- The Chair of the SEC, Gary Gensler, told a global conference that the crypto industry is filled with fraud, claiming there are currently many coins which aren’t even registered.
- Gensler has called upon extra Congressional authorities to avoid transactions, platforms, and products from falling through the gaps currently present due to lack of regulation.
- The SEC Chair claims to be worried if Congress doesn’t allow the SEC to address the lack of regulation in the crypto market, it will result in investors getting burnt.
The Chair of US Securities and Exchange Commission (SEC), Gary Gensler, has appealed to Congress, requesting more regulation off cryptocurrency platforms, calling the current crypto market “The Wild West”.
Gensler told a global conference that the crypto industry is filled with fraud, claiming there are currently many coins that aren’t even registered. This, he says, makes them susceptible to price manipulation, leaving millions of investors potentially open to suffering the negative consequences of such fraud.
Cryptocurrency has gone from strength to strength this year, with the total capitalisation of cryptocurrencies worldwide topping US$2 trillion in April.
Source: © Abelbrata | Megapixl.com
While this growth is impressive, the sheer size and rapid growth, and the surge in the number of digital currencies have resulted in a lot of oversight in the crypto space.
Gensler has called upon additional Congressional authorities to prevent transactions, products, and platforms from falling through the cracks currently present due to lack of regulation.
A lot is expected from Gensler as the crypto community at large has been anticipating his leadership of the SEC, which he took in April.
Gensler – a Democratic appointee - had previously said that the cryptocurrency industry should be brought within the same regulatory state as the traditional financial system. As such, he intends to address any oversight within the market where regulatory measures are required.
Gensler’s regulatory vision
Gensler has proposed two main insights towards achieving his goal of bringing tighter regulations to the cryptocurrency space.
He first proposed that Congress provide the SEC with the agency to oversee cryptocurrency exchanges – a power which the SEC doesn’t currently have.
Additionally, Gensler requested that lawmakers grant the SEC power to monitor crypto lending and oversee decentralised finance (DeFi) platforms, where lenders and borrowers can engage in transactions without the requirement for a traditional financial institution such as a bank.
Capitol Building – House of the US Congress meeting (Source: © Bpperry | Megapixl.com)
Crypto’s unadulterated ride
Up until this point, cryptocurrency has achieved a largely regulation-free ride as it has, for most of its existence since 2009, remained on the fringes of the financial world.
The past two years, particularly, have seen digital currencies go from strength to strength and the general public’s awareness of them.
Over three thousand digital currencies are available to the public – a far cry from just eleven years ago when only Bitcoin existed.

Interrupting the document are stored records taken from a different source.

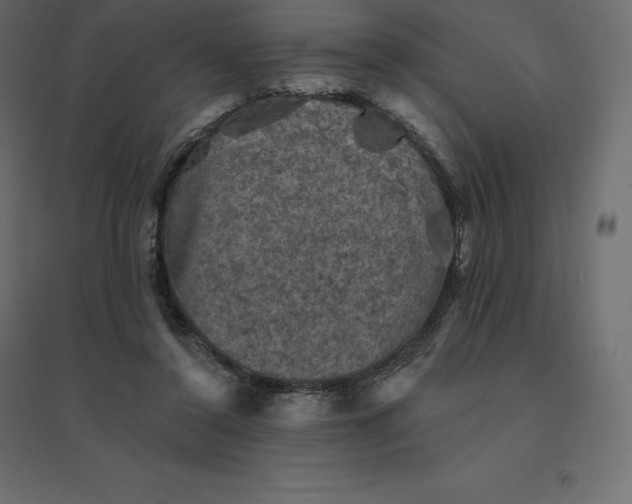 X0000094440356200711211501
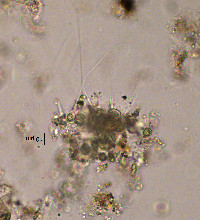 Image of Chaetosphaeridium globosum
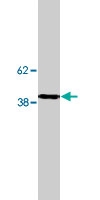 PAB10381 - SAMD8 / SMSr
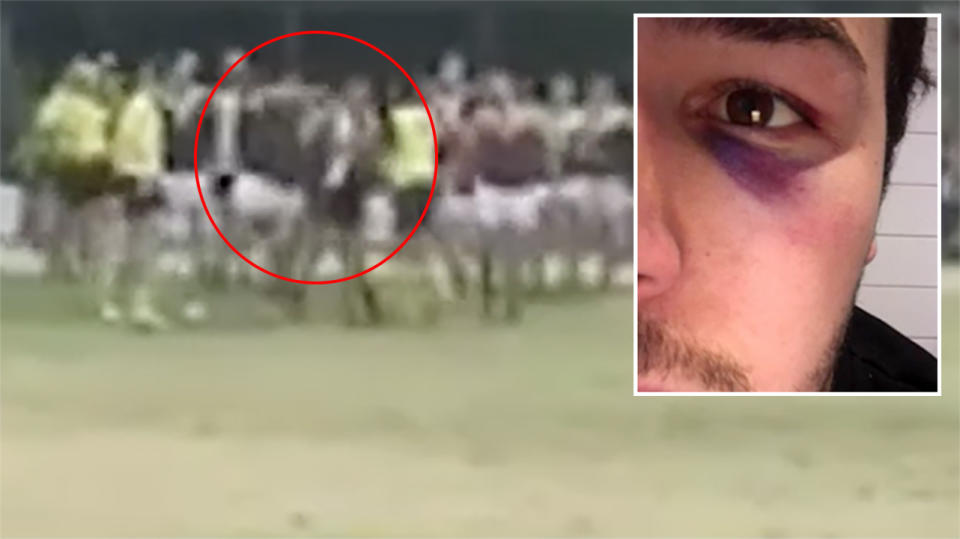 Page was left with a nasty black eye from the punches. Image: 7News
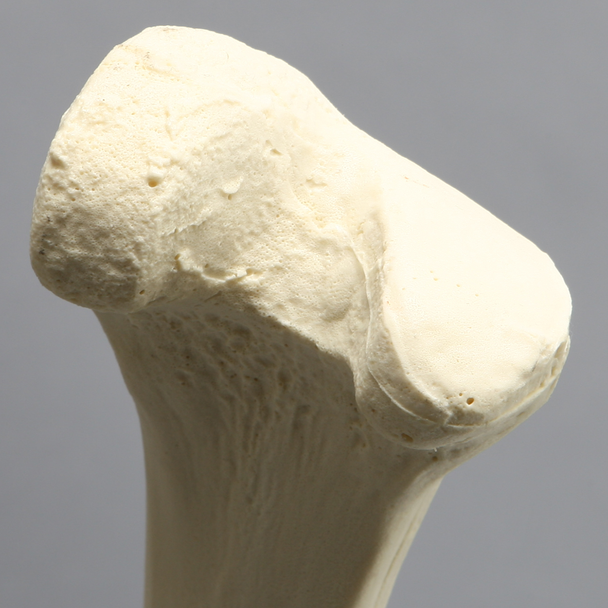 Femur with Hypoplastic Condyle Defect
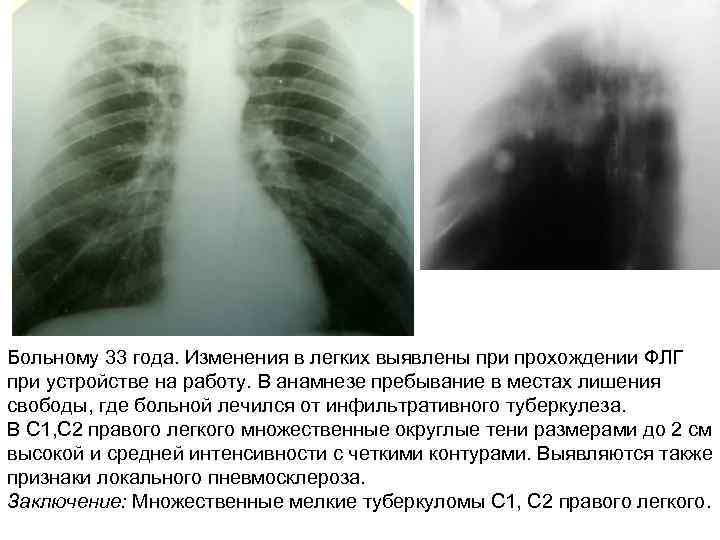 Больному 33 года. Изменения в легких выявлены при прохождении ФЛГ при устройстве на работу.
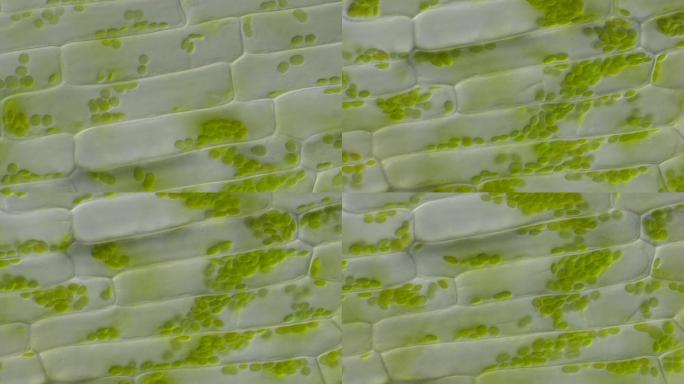 叶绿体-DIC-1000倍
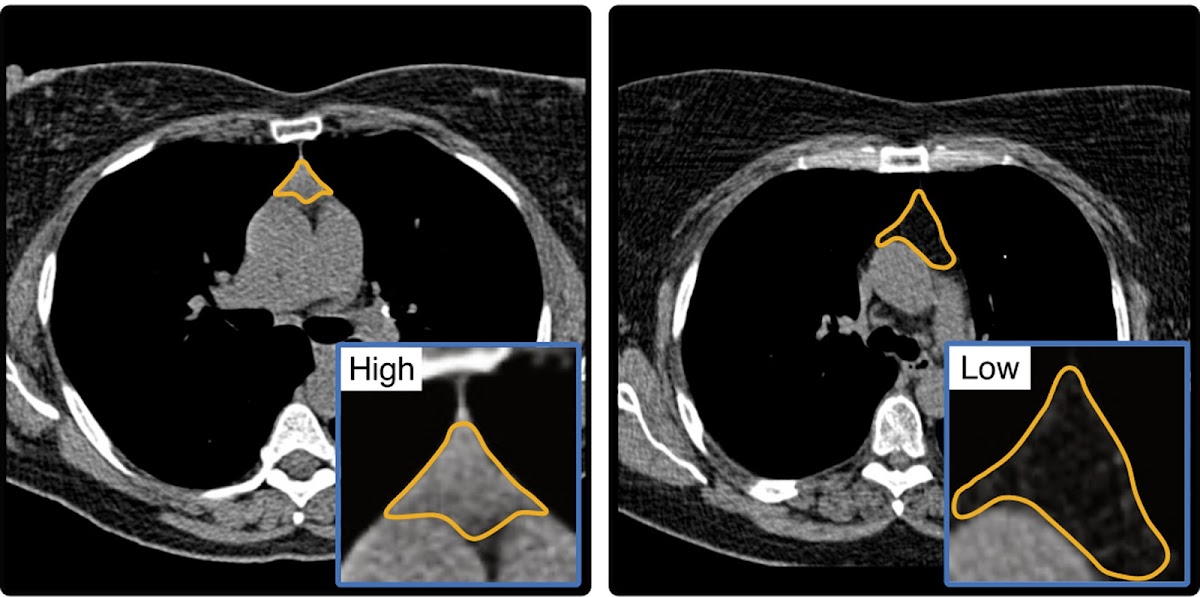 딥러닝으로 CT에서 흉선 건강 분석 — '건강한 흉선이면 사망률 50% 낮다'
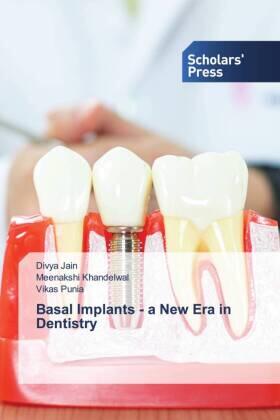 Jain / Khandelwal / Punia |  Basal Implants - a New Era in Dentistry | Buch |  Sack Fachmedien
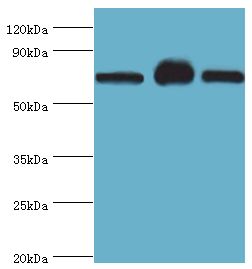 SLC25A13 / CITRIN Antibody - Western blot. All lanes: Calcium-binding mitochondrial carrier protein Aralar2 antibody at 4 ug/ml. Lane 1: mouse liver tissue. Lane 2: mouse kidney tissue. Lane 2: HepG2 whole cell lysate. secondary Goat polyclonal to rabbit at 1:10000 dilution. Predicted band size: 74 kDa. Observed band size: 74 kDa.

However, 2021 has seemingly been the year when cryptocurrency’s untethered run comes to an end.
In June, the Chinese government decided to clamp down on crypto trading as well as crypto mining. For example, in the Sichuan Province, the Chinese authorities ordered the closure of 26 mines in the local area.
But whereas the regulatory measures enforced by China can be attributed to its communist government, Gensler’s regulations appear, on the surface, to be altruistic. This is because he claims to be worried if Congress doesn’t allow the SEC to address the lack of regulation in the crypto market, it will result in investors getting burnt.

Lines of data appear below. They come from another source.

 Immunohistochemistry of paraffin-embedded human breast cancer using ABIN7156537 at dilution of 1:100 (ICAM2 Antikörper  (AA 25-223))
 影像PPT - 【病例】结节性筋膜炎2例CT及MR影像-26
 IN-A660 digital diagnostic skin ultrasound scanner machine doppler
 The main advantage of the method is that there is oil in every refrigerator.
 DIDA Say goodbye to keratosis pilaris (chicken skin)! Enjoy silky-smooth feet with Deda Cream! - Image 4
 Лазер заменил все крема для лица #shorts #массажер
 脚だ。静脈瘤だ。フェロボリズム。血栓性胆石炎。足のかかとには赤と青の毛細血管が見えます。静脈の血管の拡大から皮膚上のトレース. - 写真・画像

Further criticisms from Democrats
Democratic senator Elizabeth Warren has also pressured regulators to clamp down on the market, describing the crypto space as “opaque and volatile”.
A further criticism Gensler had was towards stock tokens and any other virtual token. Gensler said that due to their exposure to underlying securities, they must be subject to the same security laws as the traditional financial system.